Ali attempted another comeback to the ring a year later losing to newcomer Trevor Berbick by unanimous decision, just his fifth professional defeat and the first time Ali lost two straight fights. It would be his last fight.
2. Stacey Jones
The 'Little General' was coaxed out of retirement by former Warriors coach Ivan Cleary at the end of 2008 to give the club more options at the troublesome halfback position during the 2009 season. Jones put on a vintage performance in his first game back to beat defending premiers Manly but weaved little magic during the rest of the season as the Warriors finished 14th.
3. Jonah Lomu
Following his kidney transplant in 2004, the 63-test All Black announced his desire to return to rugby and the All Blacks for the 2007 Rugby World Cup. The blockbusting winger made it back to field with North Harbour in the NPC and with Welsh club Cardiff but his comeback was littered with injury. Lomu's World Cup dream was brought to an end when he failed to receive a Super 14 contract in 2007 - ruining his All Blacks chances.
4. Mike Tyson
'Iron' Mike's comeback in 1995 after serving three years in prison was somewhat successful. He regained one of the heavyweight titles he first won in 1986 but it all went downhill from there. He lost his much-anticipated fight with Evander Holyfield in 1996 before shocking the boxing world by biting a piece of Holyfield's ear off in their rematch a year later. Tyson went on to fight for the title once more in 2002 but was embarrassed by Lennox Lewis. He retired in 2005 after two consecutive knockout losses to Danny Williams and Kevin McBride.
5. Mark Spitz
Mark Spitz was the greatest swimmer in Olympic history until Michael Phelps eclipsed his record of seven gold medals at a single Games in Beijing in 2008. Spitz, who retired after his epic feat at Munich in 1972, came out of retirement to try and qualify for the 1992 Barcelona Games but was two seconds slower than the required qualifying time, putting his career to an official end.
6. Bjorn Borg
Borg stunned the sporting world in 1983 when he retired at just 25 after hitting the peaks of tennis.
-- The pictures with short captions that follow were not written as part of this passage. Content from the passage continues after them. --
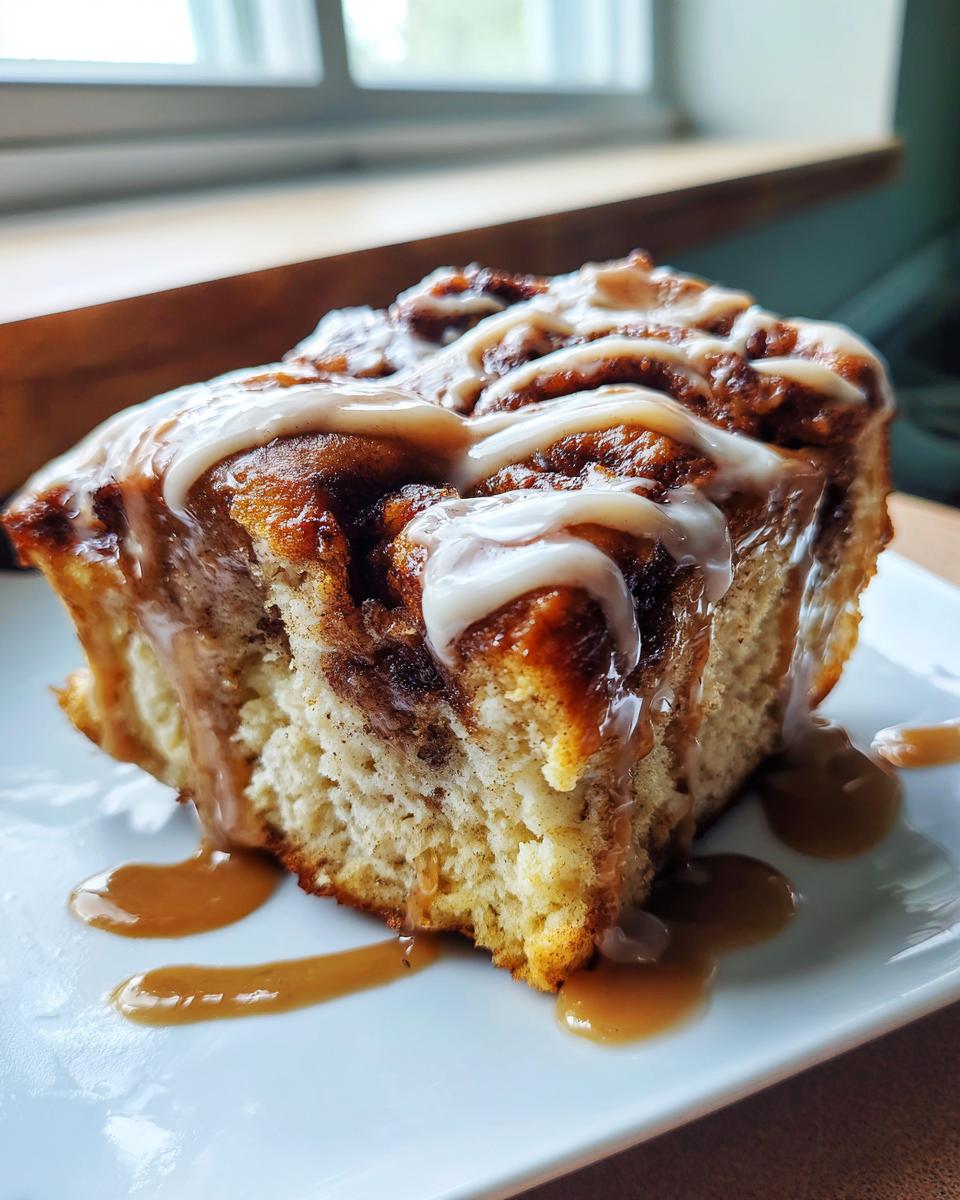 Close-up of a moist slice of banana bread cinnamon rolls drizzled with white icing and caramel sauce.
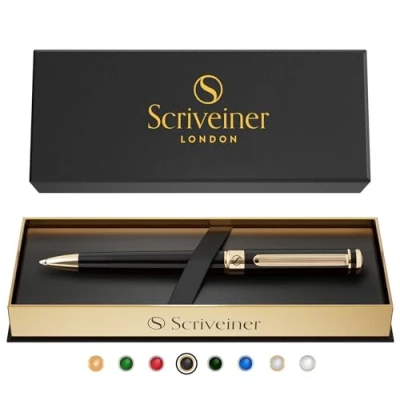 Image of Scriveiner Ballpoint Pen London Stunning with 24K Gold Finish, Schmidt Black Refill, Best Ball Gift Set for Men &amp; Women ( , Gold)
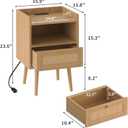 MECHYIN Night Stand Set 2, Nightstands Set of 2 with Charging Station, Rattan Side Tables with Solid Wood Legs, Boho Bedside End Table for Apartment Bedroom Dorm Small Space - Natural, 11.8"d X 15.9"w X 23.4"h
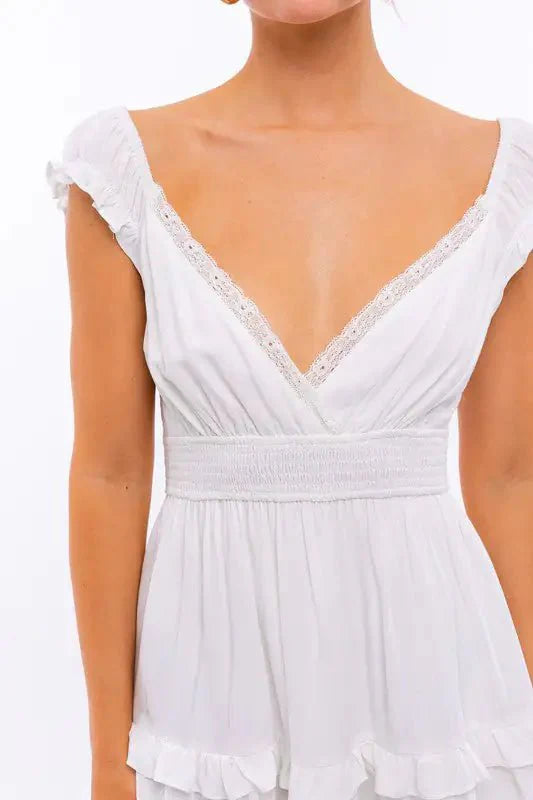 dress - Cap Sleeve Ruffle Mini Dress - Boho Eco Boutique™ - dress - Boho Eco Boutique™ - S - PINK -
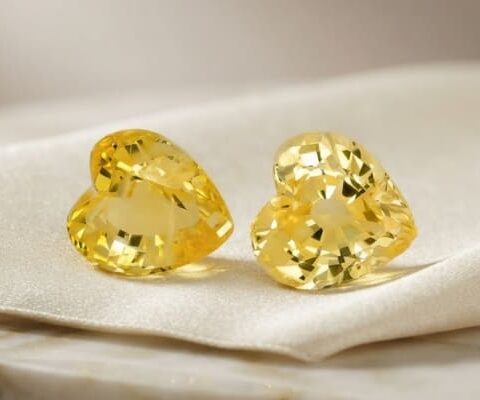 Yellow Sapphire Gemstone Pair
The Swede won six French Open titles and five Wimbledon crowns before hanging up his Donnay racquet for the first time. He then made a doomed comeback eight years later when he tried the absurd idea of continuing with a wooden racquet. He never won another match in 10 miserable tournaments over two years.
7. Michael Jordan
Arguably the greatest basketballer ever, Jordan completed a comeback to match his greatness when he returned to the NBA after trying his luck at baseball. In his first full season back Jordan lead the Chicago Bulls to the first of three straight titles from 1996 to 1998. He retired for a second time in 1999 before launching another comeback for the Washington Wizards two years later.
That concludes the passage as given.